September 30, 2010

Breaking News: Asian Palm Civet Is Three Species

Civets are intriguing animals. We’ve had fun with replicas of them here

civet-common

The common palm civet (Paradoxurus hermaphroditus).

And we’ve seen an interest during 2010 in one “mangy civet as an Oriental Yeti” news item, too.

This bizarre creature dubbed the oriental Yeti baffled scientists after emerging from ancient woodlands in remote central China. I declared it was a civet; mystery solved, said the Christian Science Monitor. Photo: CEN

Now comes the splitting of civet species.

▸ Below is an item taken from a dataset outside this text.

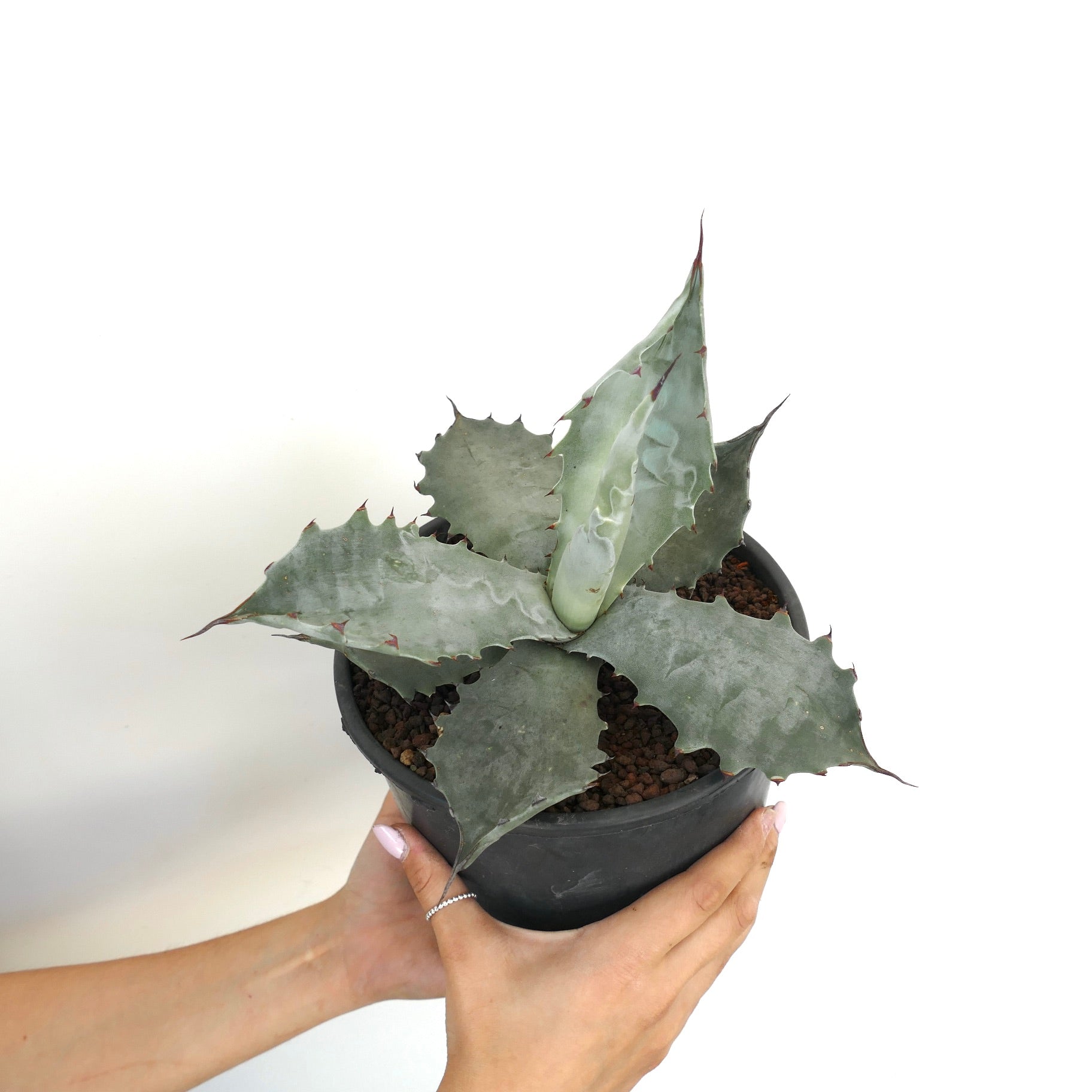 アガベ・コロラータ | Botanical Archive | 珍しい多肉植物の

The site named Treehugger is reporting that the well-known palm civet family is being pulled apart to create two new species. Those studying the genome of Paradoxurus hermaphroditus have discovered that, in fact, the Asian palm civet is actually three distinct species.

The civet, which is famous for its coffee processing abilities, is believed to have evolved differently in northeastern India, than in parts of Borneo and the Philippines, as opposed to the ones in Southeast Asia, including Indonesia. The three region’s civets are now considered to all be individual species, not subspecies.

The civet is an integral part of producing Kopi Luwak, the world’s most expensive coffee. Berries from coffee plants are fed to the civets, which digest the fruit and pass the hard beans adding enzymes that lead to a smooth cup of coffee in the process. A single cup of Kopi Luwak can cost $100 in some parts of the world.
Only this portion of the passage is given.